Here's a picture of me and my friend Josie standing on a plexiglass ledge about 1700 feet in the air. We took a trip to Chicago and this is one of the views from the Sears tower. Everything in my body was telling me that there was something very wrong with walking out there, but I did it anyway. A sistah was definitely skerred at first, but once I was out there, it was such an awesome feeling.


Mark Twain once wrote:
Courage is resistance to fear, mastery of fear - not absence of fear.

And how true is that?! You don't have to be courageous if there is nothing to be afraid of. Sometimes I think that when fear shows up, it's a good indicator that whatever we're thinking about doing could be really important. Now, I'm not talking about things that we consider EXTREME like jumping off buildings or skydiving. I'm talking about living your life. Working toward changing your job instead of looking for excuses. Rising above what everyone else tells you is the "right thing to do" and doing God's will instead. Standing on the top of a mountain and proclaiming who you are instead of constantly going with the crowd. That's courage. And that's what we have to do every day.

T
here are so many times in my life, more than I can count. when I woke up afraid that this is all there is, afraid that I'm wasting time, afraid that everything inside me that says I need to keep going is wrong. And on those days, so many times, I've let fear get the best of me. I've let that fear stop me, the "what ifs", and the "what will people think" questions stop me right in my tracks. So, I pray for God to get rid of the fear. I pray that it just goes away. But, then, who needs courage? If there's no fear, it's all easy breezy.
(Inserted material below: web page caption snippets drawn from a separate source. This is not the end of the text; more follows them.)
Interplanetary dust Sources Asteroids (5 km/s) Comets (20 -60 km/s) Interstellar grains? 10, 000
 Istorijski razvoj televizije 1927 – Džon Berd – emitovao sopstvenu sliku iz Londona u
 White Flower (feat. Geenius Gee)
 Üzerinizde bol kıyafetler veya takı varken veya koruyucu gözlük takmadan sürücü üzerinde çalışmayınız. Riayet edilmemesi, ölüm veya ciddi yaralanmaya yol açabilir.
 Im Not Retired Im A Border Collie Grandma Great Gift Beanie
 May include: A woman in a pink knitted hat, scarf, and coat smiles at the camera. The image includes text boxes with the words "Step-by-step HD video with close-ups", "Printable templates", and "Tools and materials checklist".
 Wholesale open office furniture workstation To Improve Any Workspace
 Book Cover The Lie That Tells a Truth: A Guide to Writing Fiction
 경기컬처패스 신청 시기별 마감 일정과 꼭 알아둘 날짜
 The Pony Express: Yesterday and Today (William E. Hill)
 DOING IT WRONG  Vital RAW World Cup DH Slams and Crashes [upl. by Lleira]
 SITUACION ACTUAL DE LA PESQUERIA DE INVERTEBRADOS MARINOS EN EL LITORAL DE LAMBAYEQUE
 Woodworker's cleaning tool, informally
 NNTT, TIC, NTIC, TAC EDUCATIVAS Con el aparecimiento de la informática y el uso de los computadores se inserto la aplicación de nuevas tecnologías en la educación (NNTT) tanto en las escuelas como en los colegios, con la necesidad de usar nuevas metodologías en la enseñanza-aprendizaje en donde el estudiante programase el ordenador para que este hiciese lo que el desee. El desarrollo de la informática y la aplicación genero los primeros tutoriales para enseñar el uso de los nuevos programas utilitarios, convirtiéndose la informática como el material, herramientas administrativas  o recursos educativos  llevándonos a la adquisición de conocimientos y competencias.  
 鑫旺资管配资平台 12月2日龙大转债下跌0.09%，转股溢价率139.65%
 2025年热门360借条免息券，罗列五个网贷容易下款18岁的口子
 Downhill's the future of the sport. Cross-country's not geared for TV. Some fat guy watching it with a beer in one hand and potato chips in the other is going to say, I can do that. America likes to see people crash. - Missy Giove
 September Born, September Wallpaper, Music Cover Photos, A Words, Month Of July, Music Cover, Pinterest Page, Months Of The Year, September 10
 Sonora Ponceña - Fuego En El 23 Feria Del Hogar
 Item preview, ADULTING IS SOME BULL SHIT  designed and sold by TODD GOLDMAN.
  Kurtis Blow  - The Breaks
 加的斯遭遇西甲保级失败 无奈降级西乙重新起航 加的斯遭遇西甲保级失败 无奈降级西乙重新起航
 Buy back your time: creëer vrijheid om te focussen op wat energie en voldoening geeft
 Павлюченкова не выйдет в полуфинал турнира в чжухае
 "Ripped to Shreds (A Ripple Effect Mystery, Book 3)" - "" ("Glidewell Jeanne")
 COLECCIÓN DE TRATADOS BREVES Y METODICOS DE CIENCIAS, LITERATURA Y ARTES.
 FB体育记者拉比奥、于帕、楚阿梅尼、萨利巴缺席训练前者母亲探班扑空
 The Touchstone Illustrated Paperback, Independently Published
Last time I checked, no one was inspired by those that always had it easy. The people that I look up to had to overcome obstacles: Jesus, Paul, Moses, Abraham, Joshua, to name a few. More recently, Mandela, Maya Angelou and Martin Luther King, Jr. You know how many times the Bible says to "be of good courage"? I have never seen a verse that says, give your life to the Lord, it will be all rainbows and kitty whiskers after that. (sorry to burst your bubble). But, the Lord gives us strength. It's like a life vest. Sure we still have to go through the rapids, but He gives us what we need to make it where we need to go.

Let's get this straight. It's hard to have faith. It is difficult to walk by faith and not by sight. It sho ain't easy to believe that God can somehow use you in His amazing plan. I struggle with that every single day. But, I know how far He brought me. I know that He loves all of His children. I know that He gives me a peace that surpasses all understanding. I know that His ways are waaay better than my ways. (I've tried doing things my way. Didn't quite work out). So, it's time to take that step out on the glass ledge. It's time to keep going even with fear standing in the way. So, uh, looka here fear, I want you to meet my friend Courage. He wants to have a Word witcha.